In the recently opened REIPPPP Round 5, the Economic Development Qualification Criteria provides no direction to this transition. At the same time, Eskom has announced that they are seeking USD 10 billion in funding to transition to renewables completely by 2050. Read more

Empty words

All of the public sector energy stakeholders which include’s the Independent Power Producer  Office (IPP Office) and the country’s energy regulatory, NERSA, sing from the same ‘just and equitable’ hymn book but the criteria for REIPPPP Round 5 offers no implementation for a just transition from coal to renewables. I put the question to IPP Office (who did not respond) and the Ministry of Mineral Resources and Energy who made the following response:

Changes and adjustments to the REIPPPP will be implemented when the Framework for Just Energy Transition and Eskom’s work on repurposing are finalised.”

Unfair Advantage

Back in 2011, South Africa was one of the first countries in the world to introduce a competitive bidding process for renewable energy procurement. The programme received much global praise at the time. The competitive bidding criteria directed Independent Power Producers (IPP’s) to develop projects in areas of the country with the highest wind and solar resources to be successful with a low tariff bid. As a result, most projects in rounds one to four have been successful in the Western, Northern and Eastern Cape.

Mpumalanga is home to a cluster of 12 coal-fired power stations and according to Greenpeace, is one of the world’s worst Nitrogen Dioxide pollution hotspots. There are currently no large utility-scale wind and solar projects commissioned in the province. The reason for this is that solar resources in the province cannot compete with projects in other provinces of the country where natural resources are higher. On average, yearly wind resources in Mpumalanga comes out at around 6,3 m/s at a higher-than-normal hub height of 140m. Solar average yields are between 4.5 and 7 kWh/m 2 depending on geographical location.

Criteria and weighting system to even the playing fields

Simply put, because of the reduced natural resources, wind and solar projects in Mpumalanga cannot compete competitively in Round 5 and will not be successful under the current criteria specified by the IPP Office.

For such projects to be successful, there needs to be a weighting system regarding geographical location, natural resources plus new criteria specifically addressing the repurposing of land plus training and employment of coal industry workers in renewable technology. The only way to do this is through official policy and criteria specification in the REIPPP Programme.

One of the costs of not doing it

In 2018 the coal industry accounted for 86,919 jobs in the country.

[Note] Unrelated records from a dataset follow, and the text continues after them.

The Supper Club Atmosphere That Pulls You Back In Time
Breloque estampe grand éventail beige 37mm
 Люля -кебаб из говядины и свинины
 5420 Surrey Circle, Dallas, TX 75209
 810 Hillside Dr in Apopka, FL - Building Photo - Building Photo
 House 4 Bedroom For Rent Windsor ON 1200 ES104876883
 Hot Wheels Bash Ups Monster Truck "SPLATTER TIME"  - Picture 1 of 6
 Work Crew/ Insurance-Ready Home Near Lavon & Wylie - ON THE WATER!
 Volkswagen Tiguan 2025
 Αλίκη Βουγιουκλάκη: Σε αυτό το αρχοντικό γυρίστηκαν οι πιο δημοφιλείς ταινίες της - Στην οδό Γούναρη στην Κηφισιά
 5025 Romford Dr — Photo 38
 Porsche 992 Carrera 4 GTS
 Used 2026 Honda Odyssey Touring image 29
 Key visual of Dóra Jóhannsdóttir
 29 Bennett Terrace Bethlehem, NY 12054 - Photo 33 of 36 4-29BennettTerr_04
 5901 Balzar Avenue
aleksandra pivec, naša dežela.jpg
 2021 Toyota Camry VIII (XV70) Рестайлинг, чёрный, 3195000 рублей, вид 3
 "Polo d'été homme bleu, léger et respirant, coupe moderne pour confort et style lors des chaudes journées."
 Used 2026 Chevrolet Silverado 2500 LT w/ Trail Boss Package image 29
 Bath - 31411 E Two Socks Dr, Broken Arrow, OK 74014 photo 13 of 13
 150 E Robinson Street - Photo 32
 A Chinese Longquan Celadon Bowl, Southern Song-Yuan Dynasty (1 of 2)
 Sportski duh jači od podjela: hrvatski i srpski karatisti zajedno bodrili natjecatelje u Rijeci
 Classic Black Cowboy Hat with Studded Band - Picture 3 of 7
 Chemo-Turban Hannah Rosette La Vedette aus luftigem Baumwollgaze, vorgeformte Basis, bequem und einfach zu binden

That year, in total, employees in the coal sector earned R24.7 billion. The workers are often the sole breadwinner for an extended family.

In the same year trade unions National Union of Mineworkers (NUM) and the National Union of Metalworkers of South Africa (NUMSA), who collectively have over 600000 members, rejected government plans to close five coal-fired power stations and award renewable energy contracts to independent power producers (IPPs) without a Just Transition plan in place. Read more.

As a result, there were further extended delays in signing off 27 renewable energy projects that achieved preferred bidder status back in 2015. The two unions are not scared to embark on a solidarity mass strike action involving all members which involves criminality, acts of sabotage and destruction of property to bring the country’s energy sector to a standstill. Read more

No doubt, we can expect the same scenario to play out as Round 5 preferred bidders are announced later in the year.  

Hopefully, REIPPPP Round 6 Economic Development Qualification Criteria addresses the very important ‘just and equitable transition from coal to renewables’ in a bold way.